Relearning to Love
If you do not leave, then I will have to call the police and they will remove you.
Those were the last words that I said to my mother as her daughter. I knew at the time that there would be no fixing this. I couldn’t deny the crushing pain in my chest anymore. Her previous words rang in my ears.
I am the only one that will ever really love you.
Said at the end of a tirade, a detailed breakdown of all my flaws and the final attempt at control that she had in her arsenal. She’d tried it all that day and it failed for the first and final time.
I watched as seven different masks of the person she can be, slipped on and off her being with terrifying ease. I saw them all reflected but I couldn’t see my mother anymore. I wanted desperately to see a semblance of who I thought she was, so that I could cling onto the denial I once had. That someone who loved me couldn’t mean to hurt me like this.
Nothing left.
My own thoughts echoed then in my mind. The last branch of sanity for me to hold onto.
This isn’t love. You don’t want this life and you can learn how to live without her.
This was my only choice I took a deep breath and repeated my warning. I stayed there numbly until the door slammed shut. She had succeeded in the worst way that day. My mother wanted to break me but instead she just forced me to protect myself. In that moment, I knew that my role as her daughter had finished, and I felt completely lost.

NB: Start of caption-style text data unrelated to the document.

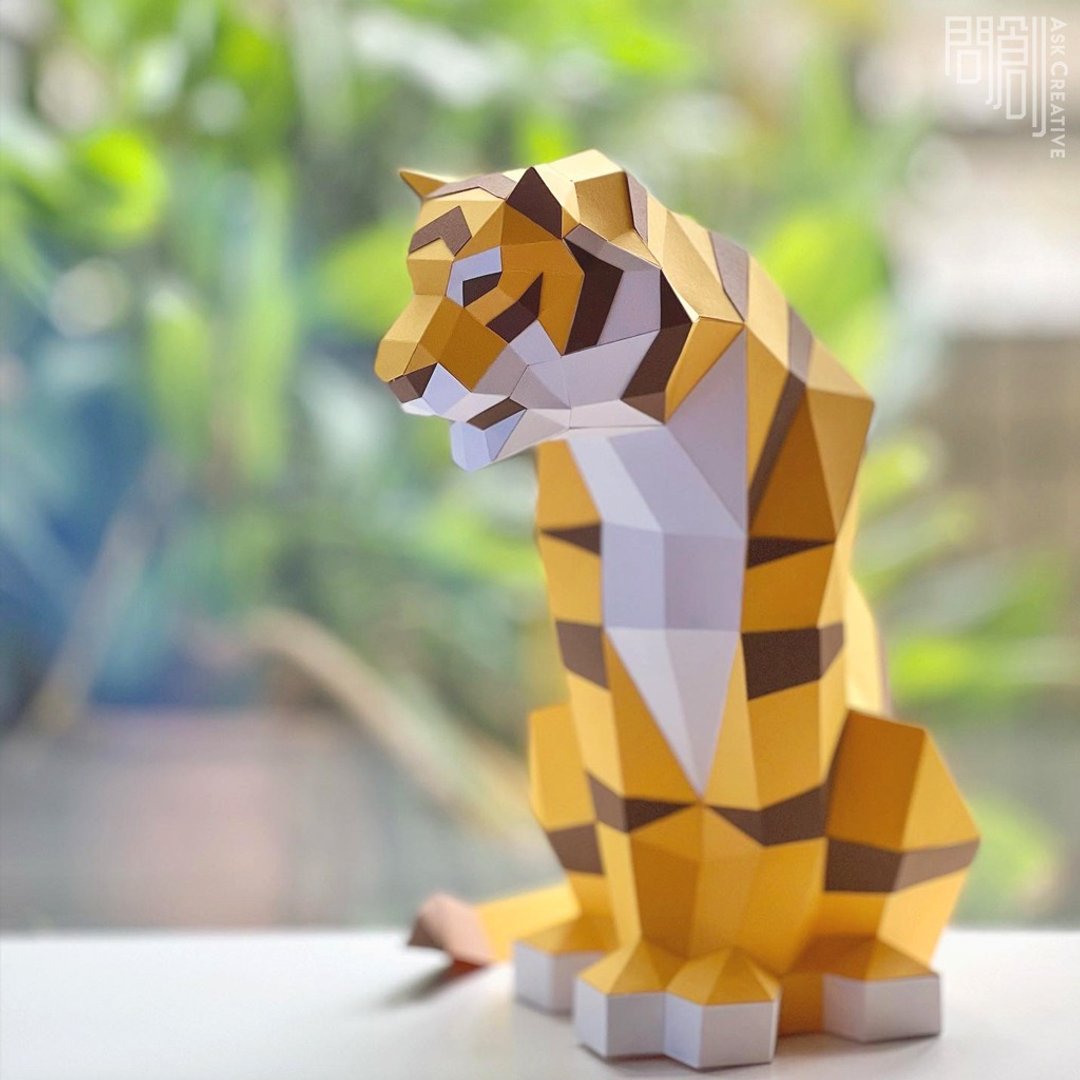 问创设计 DIY手作3D纸模型 礼物 摆饰 小动物系列 - 孟加拉虎 - 玩偶/公仔 - 纸 卡其色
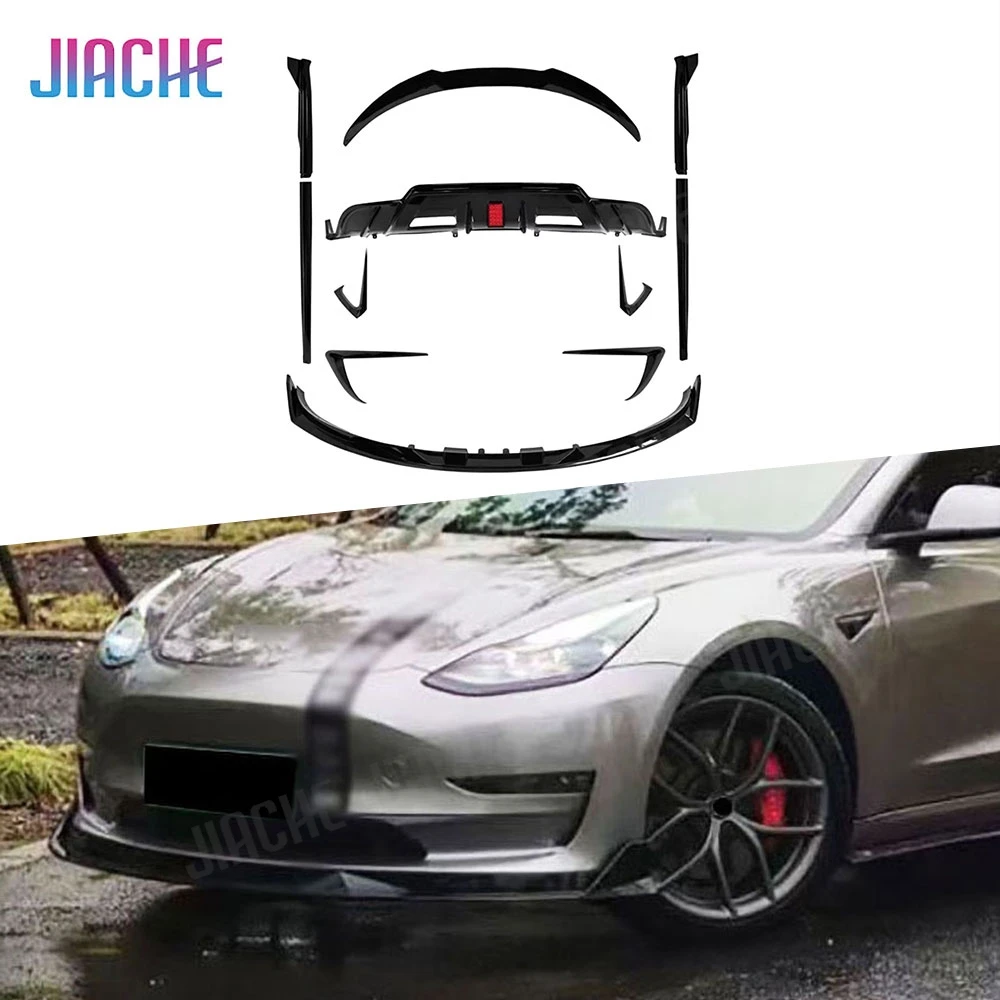 

Для Tesla Model 3 2019+ Передняя губа Задняя губа со светодиодной подсветкой Задний бампер Спойлер Боковые юбки Canard Splitters Плавники Bodykits Накладки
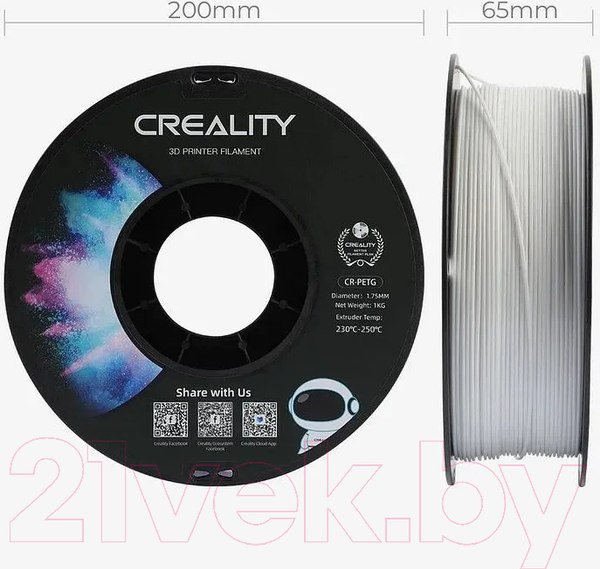 Изображение товара Пластик для 3D-печати Creality CR-PETG 1.75мм / 3301030036 (1кг, белый)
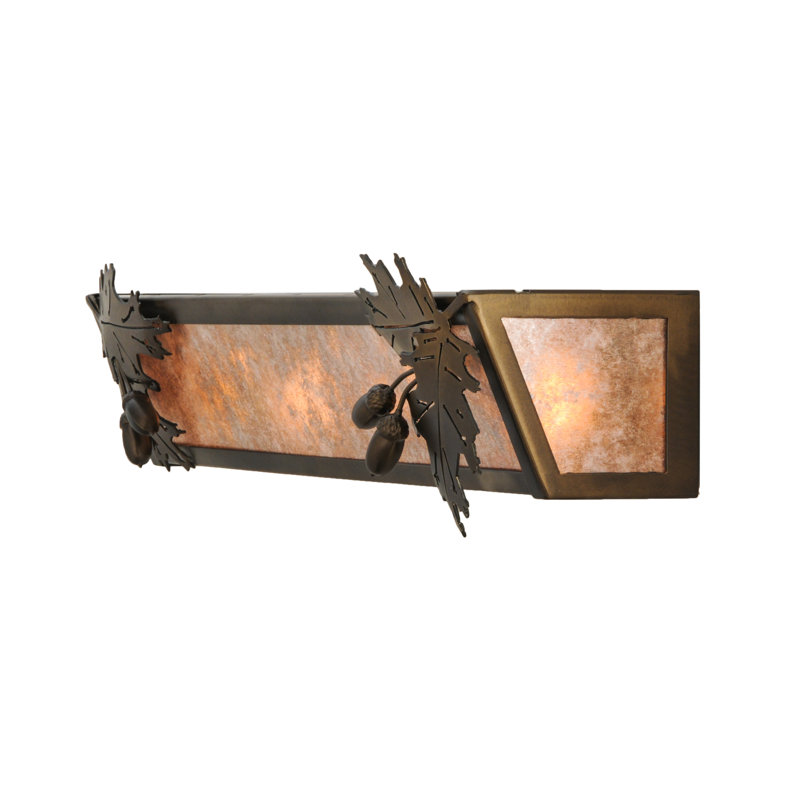 Rustic Lodge Oak Leaf & Acorn 24" Bronze Vanity Light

In truth that day, I let my anger steer me until I could process the depth of other emotion. For years I had built my life around the co-dependant relationship that I had with my mother and her needs. I didn’t realise that I had buried deep, the daughter I had been to protect myself from the grief. It made becoming who I am now, easier but it wasn’t correct either. I miss that part of my life and it’s in my thoughts every day.
Recently, I watched a copy of my childhood videos, and it made me rethink what I need. I watched myself as a two-year-old, seeing my face as it lit up because I’d made my mother smile. I had forgotten her face and her voice and thought I’d worked through her loss, but I hadn’t. if I’m honest, I’ve just been searching for the mother I used to know, hoping, and waiting for a return that won’t happen. I miss that love I felt for my mother, but I know I can’t go back. Not without sacrificing who I am now and I refuse to do that. So, there is no healthy way to have a relationship with her.
There were no boundaries between us because she couldn’t cope with them. She took them as an insult and a sign of deceit. She needs to be able to control to love. It’s the only thing that makes her feel safe. My needs were always expendable because I am a very empathetic person, and her love was conditional on that expectation. Our relationship depended on continued sacrifice from me and she took everything I had and then asked for more.
In trying to move on, I had forgotten the good things about my mother, the things about her I liked. Also, I thought about myself then and I realised what I need to do. I need to forgive myself for not being able to be who she wants and forgive her for failing my ideals equally.
Now I’m having to relearn how to love my mother, safely and use my experience to become stronger and feel better in the future.